On Houston's end, they were getting excellent performances out of James Harden and Chandler Parsons. Harden seemed to find his groove after really struggling early on, and had no trouble getting past Derek Fisher for the little time that the two were matched up. Most of his work was done in transition, but I do give the Thunder credit for forcing him to settle for a few bad jumpers and keeping him off the line. Parsons did his usual schtick of beating his man off the perimeter, and managed to bankroll that gimmick for easy points in the second and third. Jeremy Lin showed flashes of greatness at times, but usually got caught trying to do too much.

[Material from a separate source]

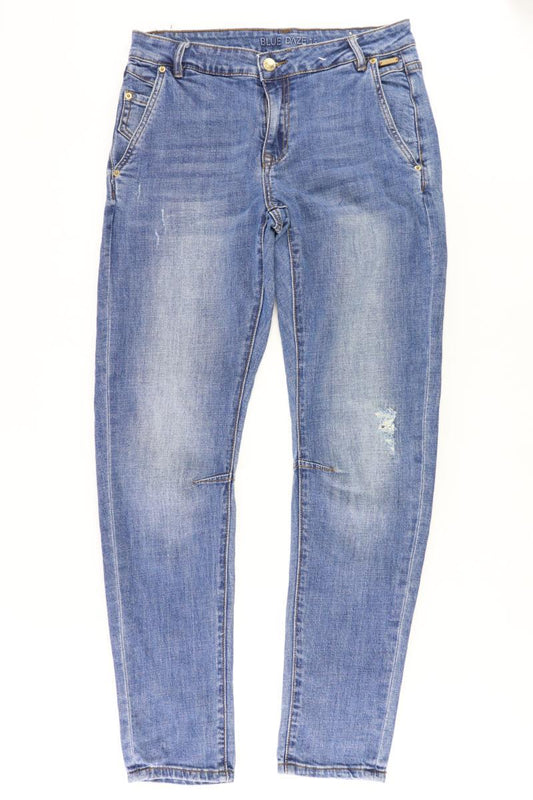 Summum Straight Jeans Gr. 36 blau aus Baumwolle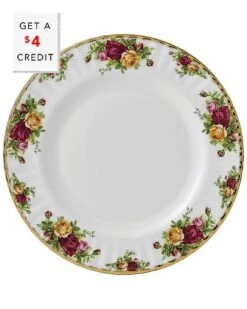 Old Country Roses Plate Home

All in all, tonight's matchup was a fun one to watch. The Thunder are going to have the Rockets' number as long as Harden and Howard are their main scorers, because the Thunder have defenders that are well-equipped to beat them. But the Rockets are a fast-paced team, and they do have some role players who are certainly capable of going off for career nights when Houston moves the ball well. Clutch City is also capable of creating some serious matchup problems for the Thunder, and are just one bench piece away (like a well-integrated Jordan Hamilton or a healthy Francisco Garcia) from competing with OKC on a nightly basis.
But really, I'm not worried about this team going into the playoffs. They haven't proven that they can beat the Thunder or the Clippers yet, and until they do so, they're going to have problems getting past the second round. Meanwhile, the Thunder are far from being their normal selves, but it was just nice to see them put together a cohesive defensive effort and stop the Rockets in the paint.
Now, the Thunder await the famous Lakes of Los Angeles, hoping to hastily remove the egg that Jodie Meeks has spread all over our collective faces.
Thunder Wonder: Kevin Durant, for knowing the answer to the life, universe, and everything.
Thunder Down Under: Serge Ibaka, whose presence down low was unmatched
Thunder Blunder: Jeremy Lamb, who's found himself eclipsed by Caron Butler in the rotation.
Thunder Plunderer: James Harden, who nearly had a triple-double despite unremarkable shooting numbers.
Next Game: Versus the Los Angeles Lakers, Thursday, March 13th, 8:30 PM Central Standard Time.